> **Aim of the exercise**: Only the lines from the beginning of the entries through the one with "甜蜜偷望■甫走進人少少的維園，Alice便開始甜絲絲望住猷啟。" should be written out, please, exactly and without any pictures.

(Dataset)

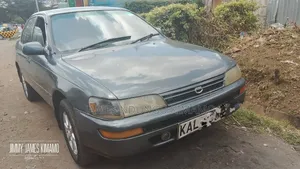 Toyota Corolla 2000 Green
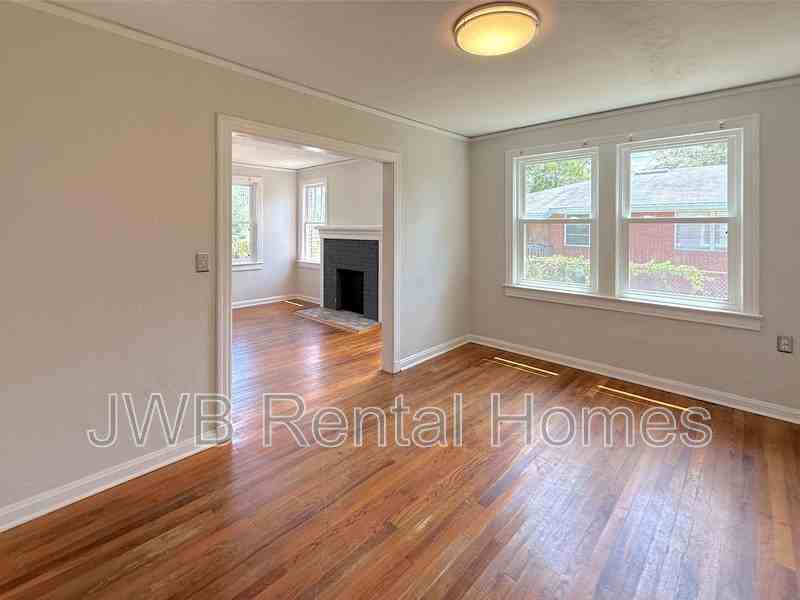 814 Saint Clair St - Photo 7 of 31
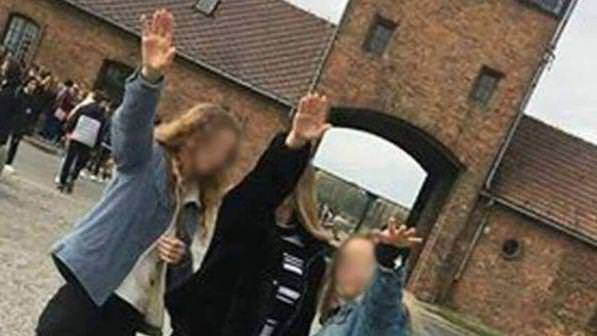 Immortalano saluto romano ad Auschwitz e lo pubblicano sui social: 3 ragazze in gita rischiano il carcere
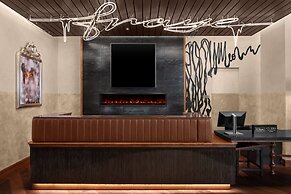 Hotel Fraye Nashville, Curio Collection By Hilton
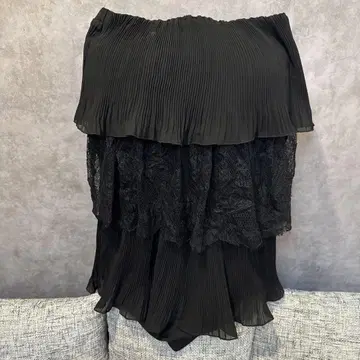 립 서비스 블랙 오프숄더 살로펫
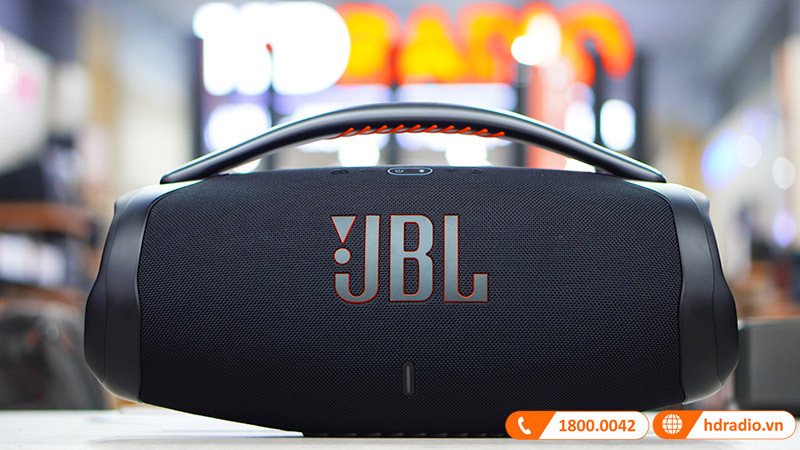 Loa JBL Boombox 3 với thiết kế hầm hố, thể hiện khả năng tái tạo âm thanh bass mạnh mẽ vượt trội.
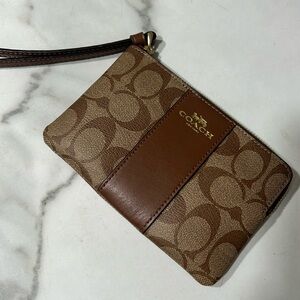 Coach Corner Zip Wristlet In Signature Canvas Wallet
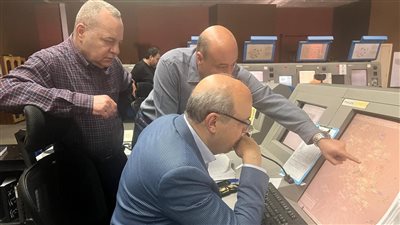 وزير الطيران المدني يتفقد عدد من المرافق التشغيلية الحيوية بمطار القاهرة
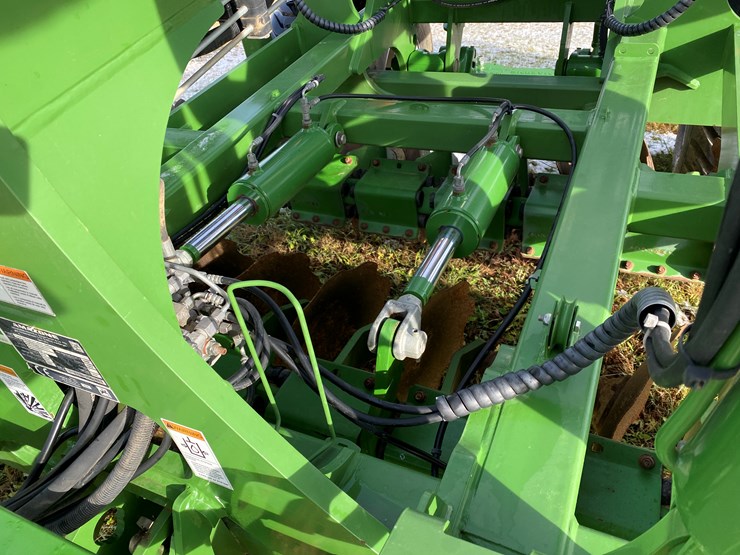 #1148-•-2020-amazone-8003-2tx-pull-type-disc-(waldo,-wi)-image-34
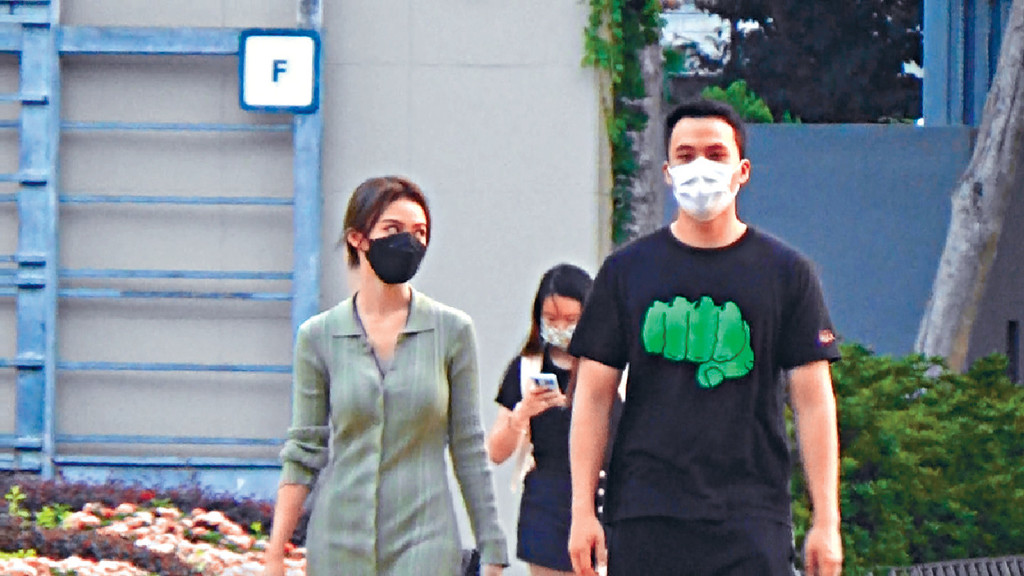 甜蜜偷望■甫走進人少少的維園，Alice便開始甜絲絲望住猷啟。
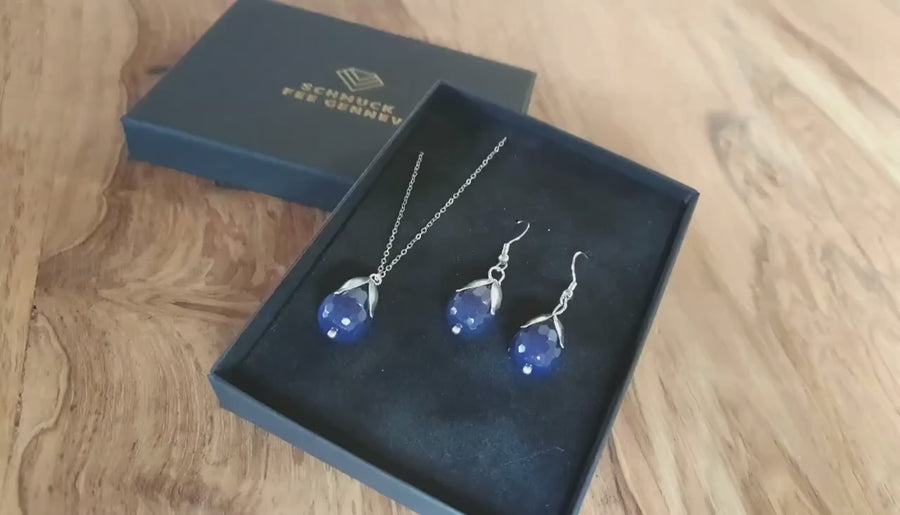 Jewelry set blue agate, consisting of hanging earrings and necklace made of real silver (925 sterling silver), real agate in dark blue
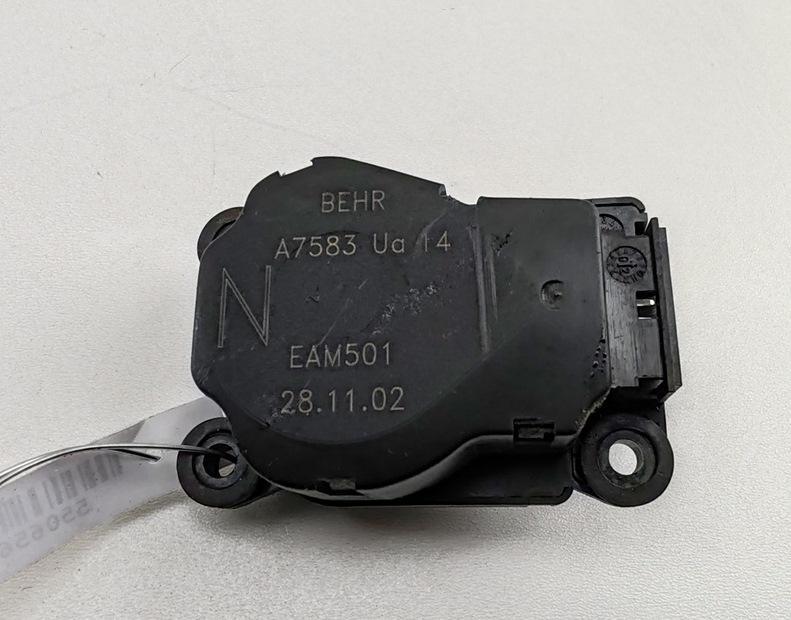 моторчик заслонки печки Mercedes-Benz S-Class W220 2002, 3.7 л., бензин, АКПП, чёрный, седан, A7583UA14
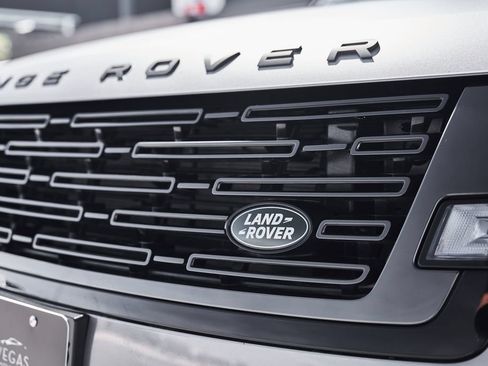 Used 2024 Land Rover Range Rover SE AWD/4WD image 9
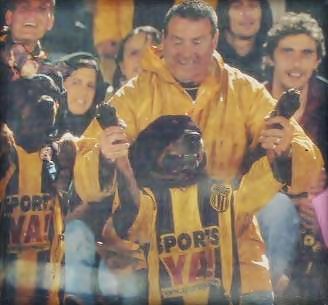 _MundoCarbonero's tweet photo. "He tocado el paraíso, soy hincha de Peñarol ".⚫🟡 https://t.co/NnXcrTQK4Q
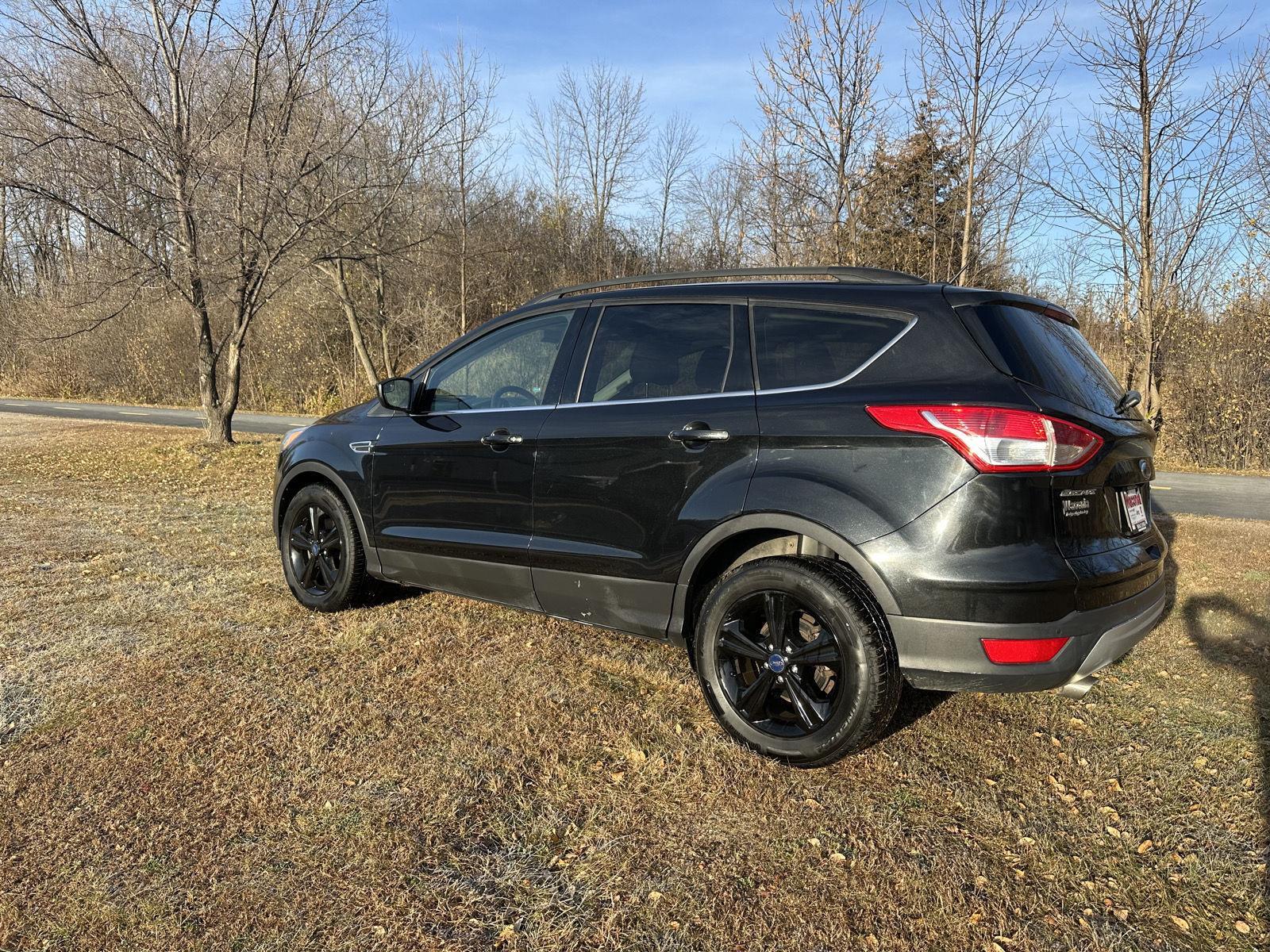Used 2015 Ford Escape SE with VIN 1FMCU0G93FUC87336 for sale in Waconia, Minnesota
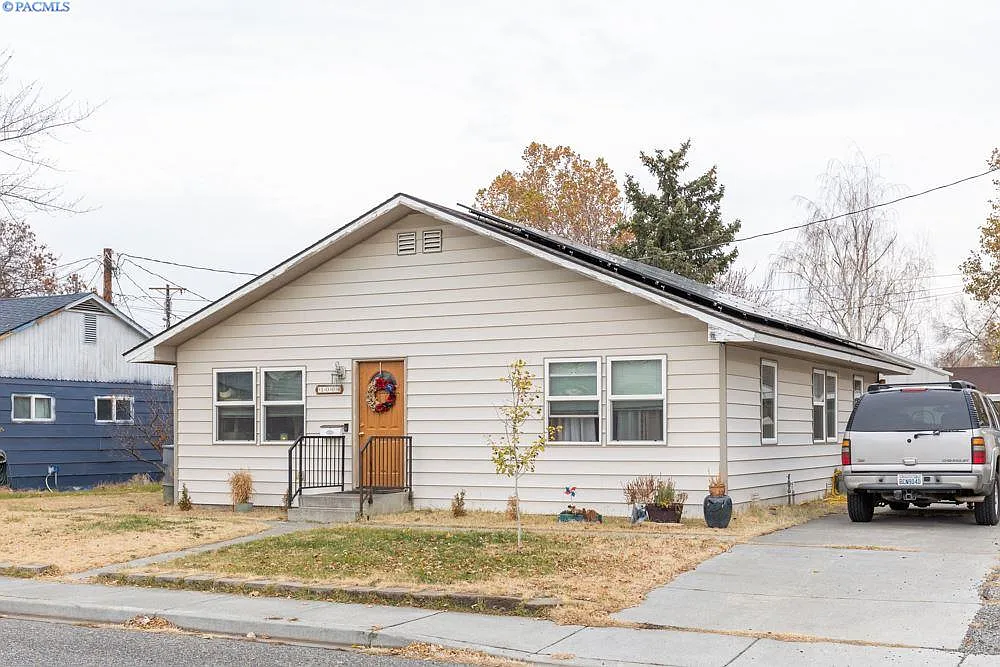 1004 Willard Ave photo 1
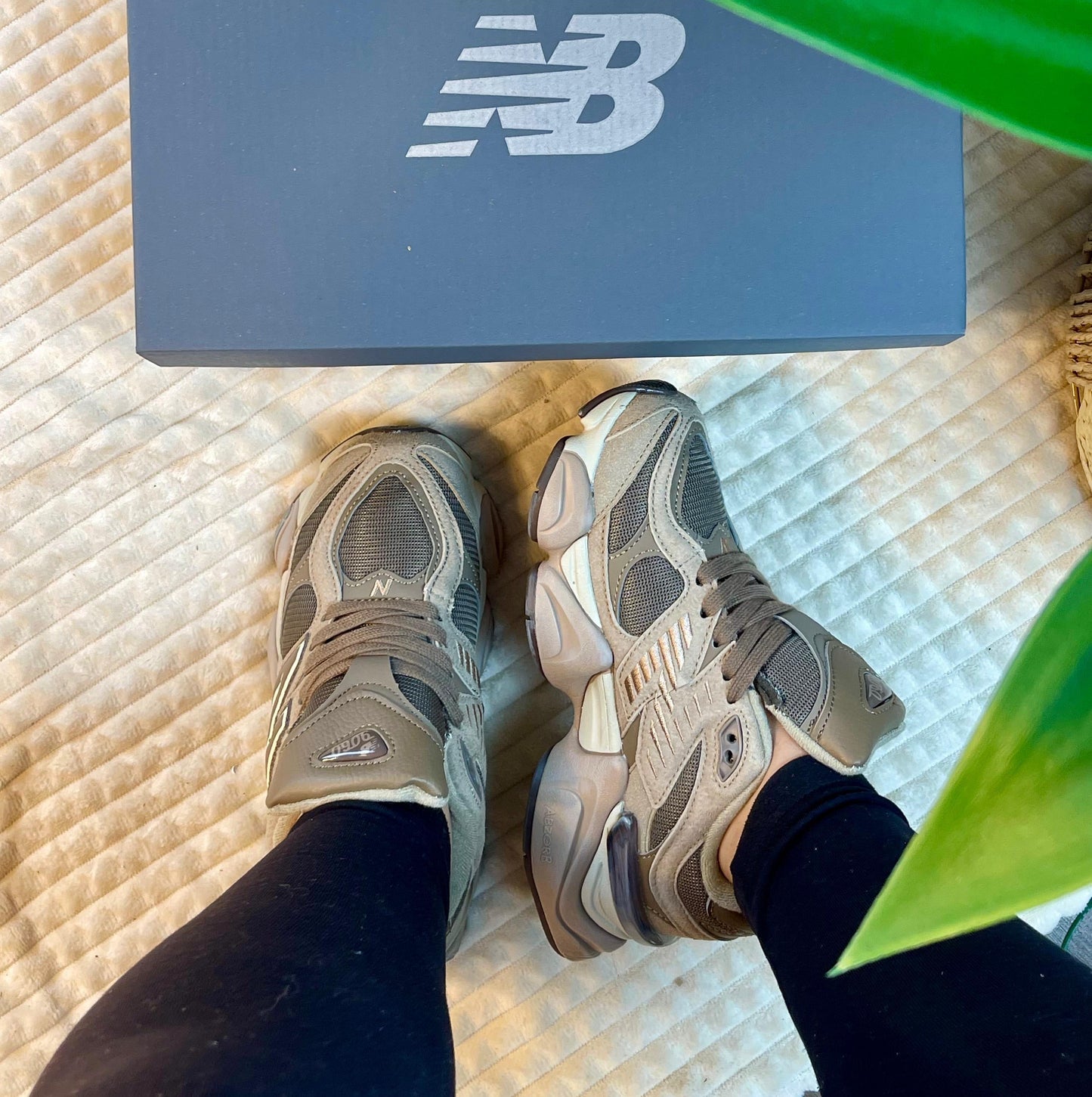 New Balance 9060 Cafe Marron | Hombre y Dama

(End Dataset)

> **Result for this exercise**:
 Toyota Corolla 2000 Green
 814 Saint Clair St - Photo 7 of 31
 Immortalano saluto romano ad Auschwitz e lo pubblicano sui social: 3 ragazze in gita rischiano il carcere
 Hotel Fraye Nashville, Curio Collection By Hilton
 립 서비스 블랙 오프숄더 살로펫
 Loa JBL Boombox 3 với thiết kế hầm hố, thể hiện khả năng tái tạo âm thanh bass mạnh mẽ vượt trội.
 Coach Corner Zip Wristlet In Signature Canvas Wallet
 وزير الطيران المدني يتفقد عدد من المرافق التشغيلية الحيوية بمطار القاهرة
 #1148-•-2020-amazone-8003-2tx-pull-type-disc-(waldo,-wi)-image-34
 甜蜜偷望■甫走進人少少的維園，Alice便開始甜絲絲望住猷啟。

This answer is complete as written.